[Saved data entries]
----
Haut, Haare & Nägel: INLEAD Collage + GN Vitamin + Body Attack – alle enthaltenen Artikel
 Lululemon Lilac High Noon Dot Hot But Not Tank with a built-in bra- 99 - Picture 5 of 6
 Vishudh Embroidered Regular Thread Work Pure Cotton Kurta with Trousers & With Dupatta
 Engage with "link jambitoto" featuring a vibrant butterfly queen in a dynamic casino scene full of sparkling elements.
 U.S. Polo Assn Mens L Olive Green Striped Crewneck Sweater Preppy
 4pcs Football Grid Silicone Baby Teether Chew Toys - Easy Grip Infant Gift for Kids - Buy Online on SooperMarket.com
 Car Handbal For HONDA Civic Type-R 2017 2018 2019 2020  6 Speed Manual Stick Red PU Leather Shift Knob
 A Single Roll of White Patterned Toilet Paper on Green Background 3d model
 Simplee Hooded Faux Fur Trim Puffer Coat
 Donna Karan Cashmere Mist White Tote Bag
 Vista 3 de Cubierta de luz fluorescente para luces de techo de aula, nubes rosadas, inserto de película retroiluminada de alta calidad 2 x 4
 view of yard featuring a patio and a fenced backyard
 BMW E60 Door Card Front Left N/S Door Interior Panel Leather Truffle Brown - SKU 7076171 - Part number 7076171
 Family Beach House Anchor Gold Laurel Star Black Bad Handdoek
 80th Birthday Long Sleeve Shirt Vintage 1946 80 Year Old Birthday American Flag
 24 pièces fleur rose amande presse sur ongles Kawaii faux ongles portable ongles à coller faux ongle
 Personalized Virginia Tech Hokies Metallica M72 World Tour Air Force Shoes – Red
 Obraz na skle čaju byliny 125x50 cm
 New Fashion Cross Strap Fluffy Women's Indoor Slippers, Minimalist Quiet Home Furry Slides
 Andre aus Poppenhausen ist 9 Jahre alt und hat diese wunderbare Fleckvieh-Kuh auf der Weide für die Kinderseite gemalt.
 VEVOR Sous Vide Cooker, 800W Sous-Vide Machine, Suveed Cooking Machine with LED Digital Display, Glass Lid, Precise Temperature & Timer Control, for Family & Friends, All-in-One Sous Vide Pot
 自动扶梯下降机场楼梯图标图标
----
Match on "White" and report each line of the data above that has it.

 A Single Roll of White Patterned Toilet Paper on Green Background 3d model
 Donna Karan Cashmere Mist White Tote Bag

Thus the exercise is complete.